Kanata will provide space for First Nations artists working in this area to showcase how they are exploring and making new understandings of Canada and its relations.
Curated by Splatsin artist Aaron Leon, the exhibition will feature works by Dion Kaszas, Tania Willard, David Wilson and Mary Thomas.
Daughter-in-law of late elder Mary Thomas, Thomas uses the lens of her camera and her Smart Phone to capture the world around her.
Hopeful the promise of a trail to Neskonlith Band land west of Salmon Arm will come to be, Thomas regularly walks to town alongside the railway tracks.
“It’s quieter down there,” she says noting the Trans-Canada Highway is her only other option for walking into town. “It would be so awesome to have the trail.”
Without the trail, Thomas follows the rail tracks, capturing scenes most other residents never see.
”I like to see the eagle every day; I just say it’s my eagle,” she laughs. “It’s a beautiful bird and it’s strong.”
Thomas also favours clouds, the moon and a bear who is often in fields near her home.

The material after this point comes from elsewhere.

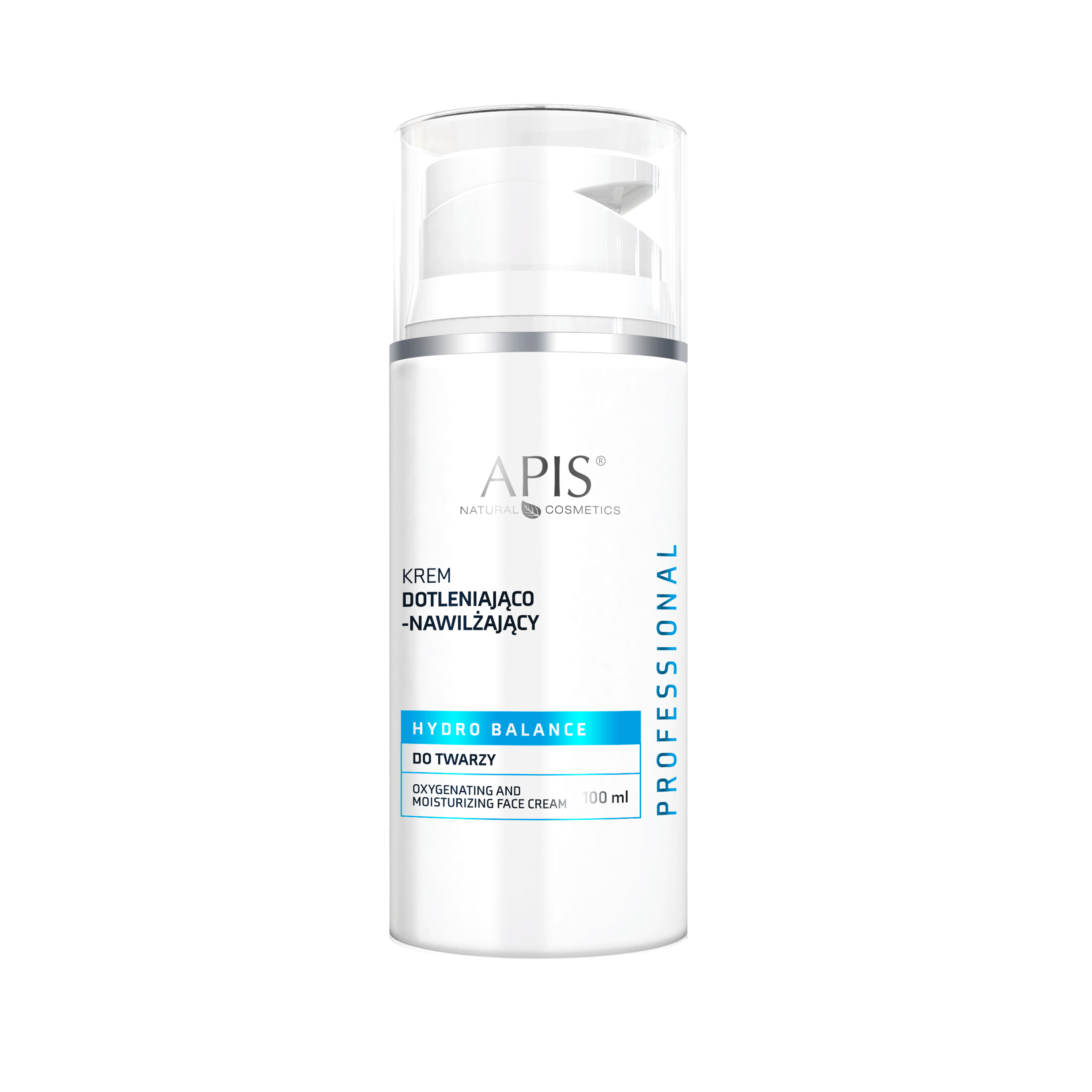 Apis Hydro Balance krem dotleniająco-nawilżający do twarzy, 100 ml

An employee of Service Canada for 30 years, Thomas retired in 2012 and took up photography for no other reason than she just likes to take pictures of the world around her.
A selection of her beautiful photos will be on display during the gallery’s October exhibition.
Kanata/Qelmúculucw opens with a reception at 7 p.m. Friday, Oct. 6, with live music and refreshments and continues to Nov. 10.
Gallery hours are Tuesday to Saturday, 11 a.m. to 4 p.m. Coffee Break and Artist Talk will take place at 2 p.m. Thursday, Oct. 19.
Families are encouraged to make art together Saturdays from 11 to 3:30 p.m. This is not a babysitting service.
Admission to the gallery is by donation.